Thursday, October 21, 2010

Period Details

A brilliantly sunny day last Sunday: so wonderful I cannot bear to be indoors.  We took down our bean row and began the last of the heavy digging on the allotment.  Courgettes, beans, leeks, swede and the two butternut sqashes -all gathered in.


 A walk up Church Street takes you past some fascinating period details.  Bow-windows with bulls-eye glass:




Full timbered houses, some of which have been shops at one time:




Carved bressumers:



And woodwork revealing previous use as a butcher's shop;


A quaint, country inn:


And a clothing warehouse, last remnant of the trade that built the wealth of the area over the centuries:




At last to the church, St Peter ad Vincula, with its "flinty, fifteenth-century tower", as Betjeman has it, although, in this case, war damage necessitated a rebuild at that end.






I don't think that this is the brass of Thos. Paycocke and his wife, but it is of the right period.

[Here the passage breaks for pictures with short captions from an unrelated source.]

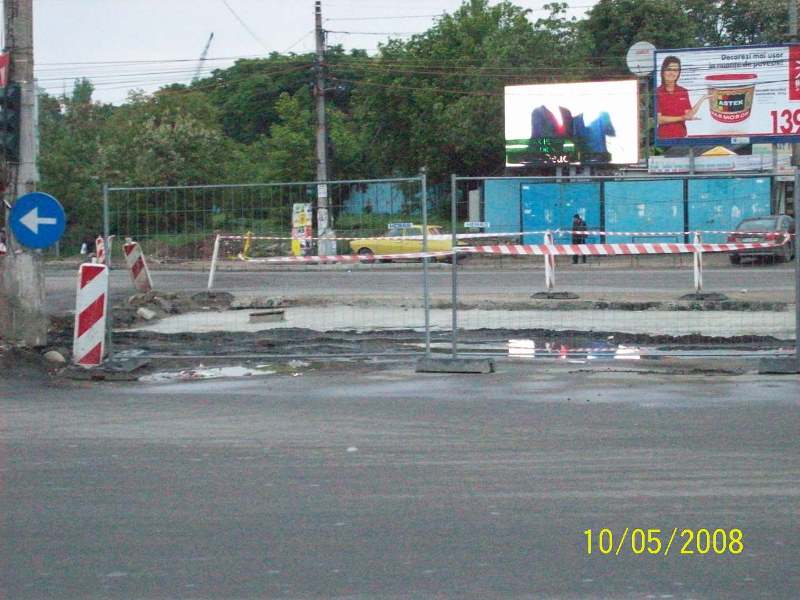 Picture 199.jpg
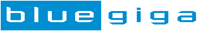 Bluegiga
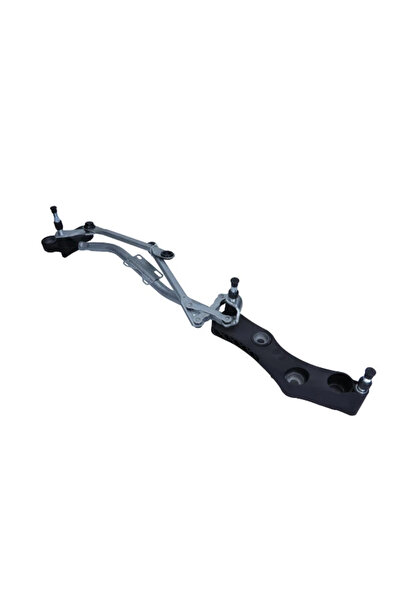 MaxGear Legaturi Stergator Parbriz Bmw 5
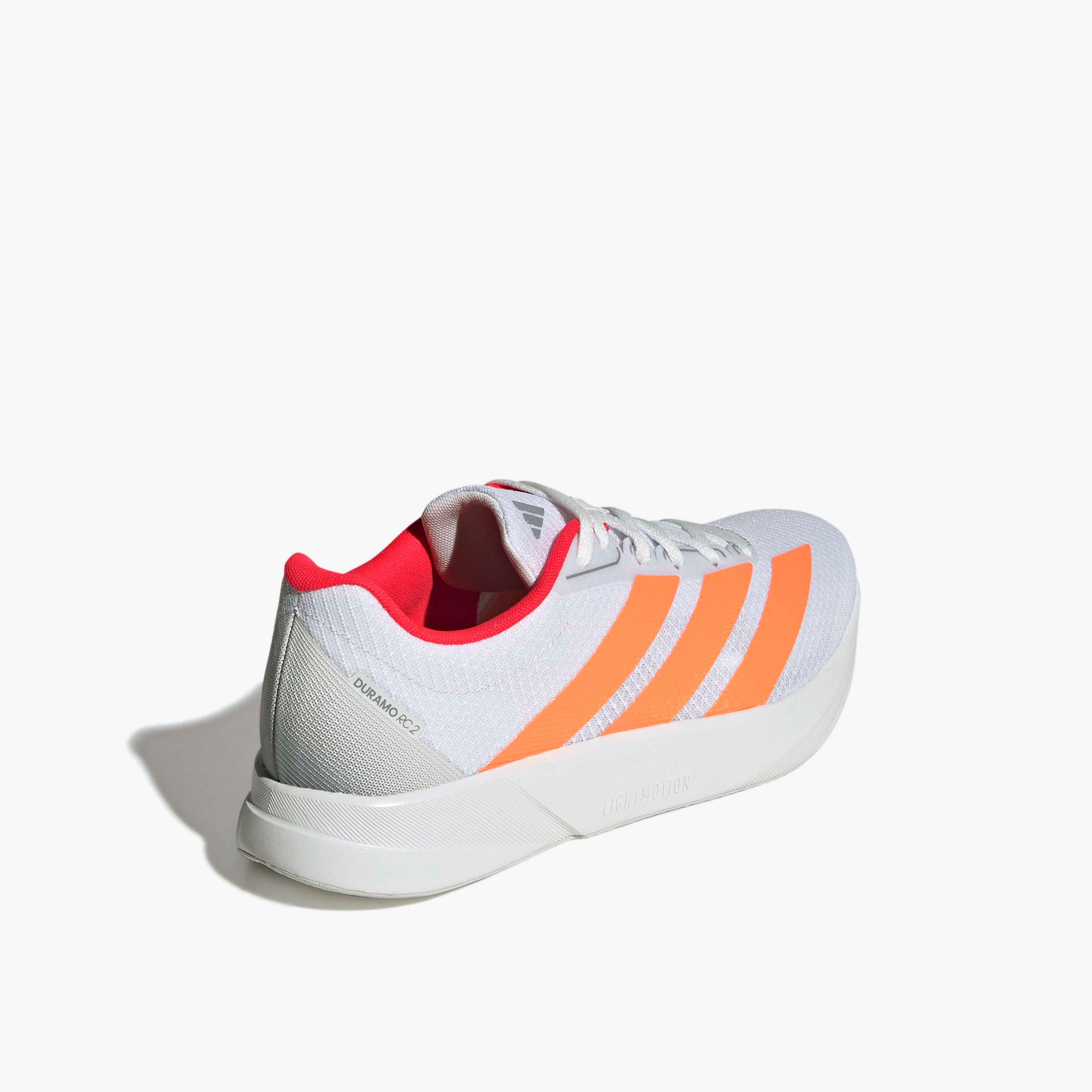 Adidas Men Duramo RC2 Lace-Up Running Shoes-sports-men-shoes-image-5
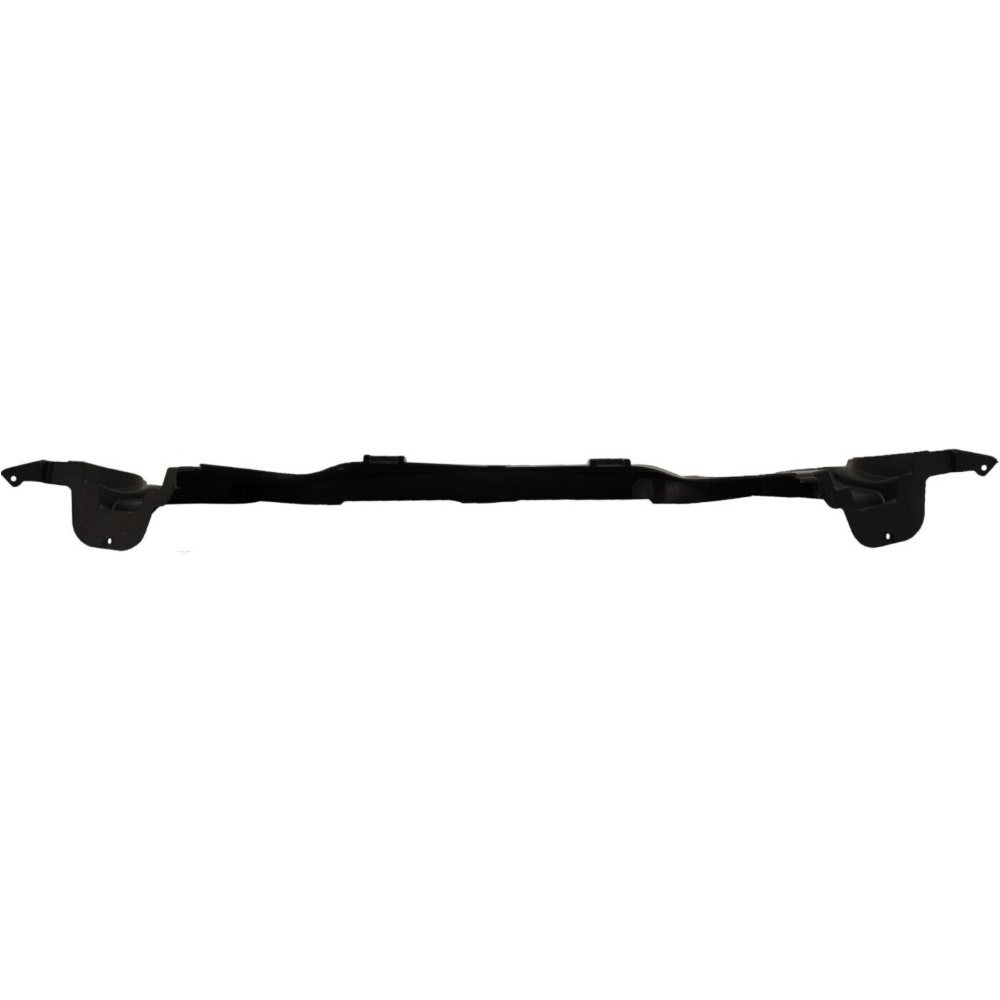 Engine Splash Shield For Dodge 2013-2022 Challenger Coupe Front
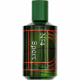 Парфюмерная вода Thomas Kosmala "№4 Sport", 100 ml (LUXE)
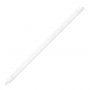 PROSTO Vodonepropusna LED nadgradna lampa 150cm 45W LIL-1-150/W - slika 2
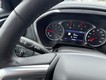 2020 Chevrolet Blazer LT thumbnail image 20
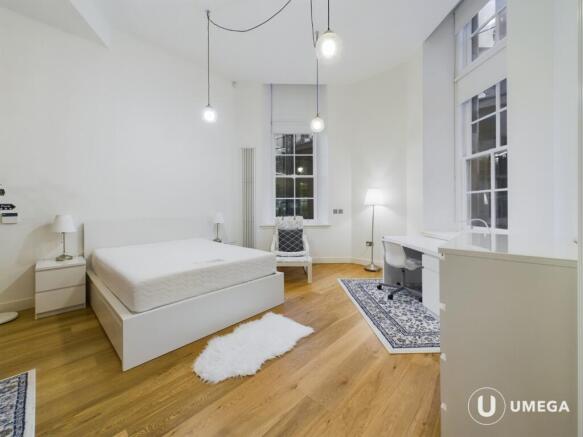 PropertyImages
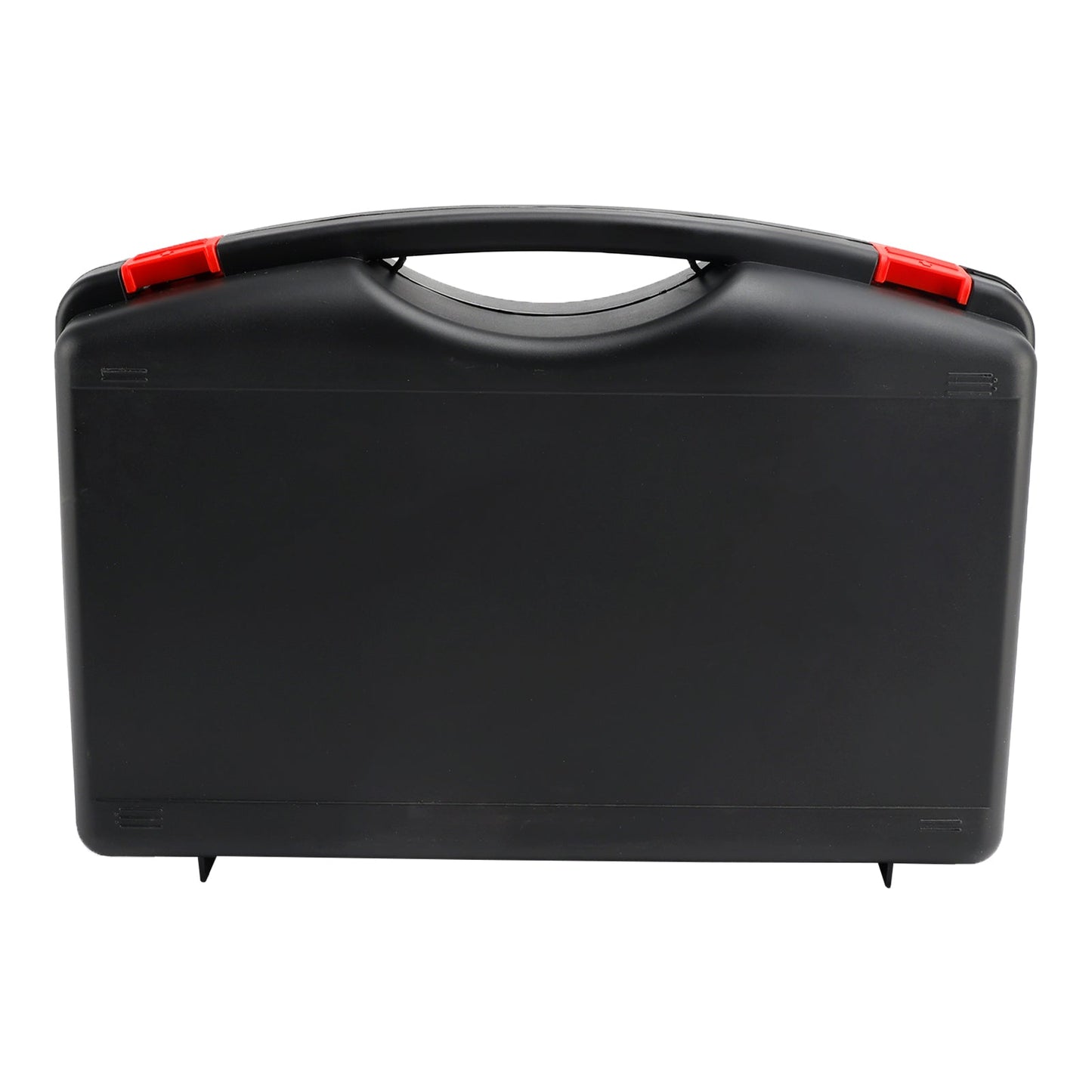 Kit di utensili principali per la sostituzione di iniettori e gruppi rail del carburante EN-51146-100 EN-51146-150
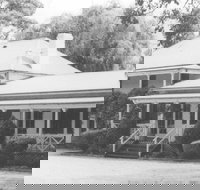 Razorback - Accommodation Yamba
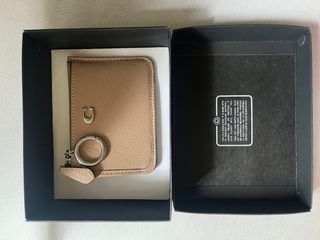 (Kategori: ) berada di . Dikirim oleh Vaura (ID iklan 1373668831, Gambar 1). Deskripsi: .
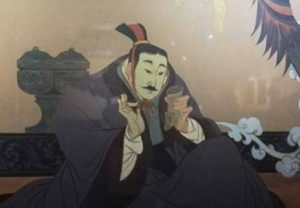 古人的平均寿命很短，为何赵佗却能活一百多岁呢？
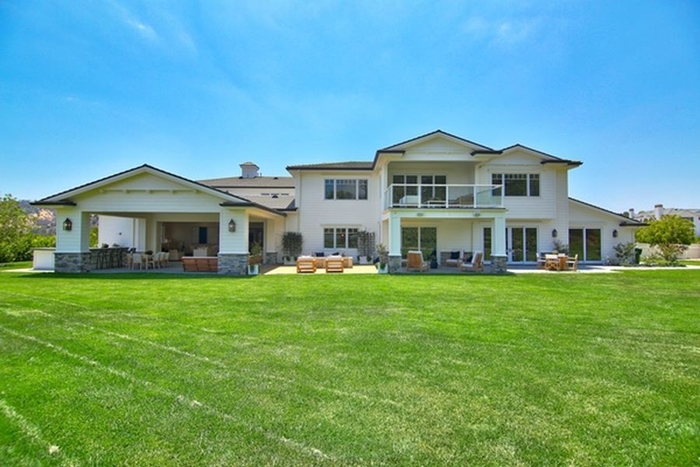 kylie-jenner-home-crisnet-33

Finally, this week's tweed.  I can't tell you how happy this fabric makes me.  It's a jersey base, with the other threads felted on to the surface.  At Ally Pally, I saw a commercial stall selling a coat with panels of this fabric.  I plan to make the usual basic  skirt, the only dilemma being whether to feature the plain edges as the hem.


2 comments:

frayed at the edge said...

A super post, with lovely buildings, some history .... and gorgeous fabric!!
(when I have to use my Google ID, I always worry that people don't recognise me as 'frayedattheedge'!)

Janet said...

Your pictures remind me of some lovely places we visited when one of our sons lived in Ipswich.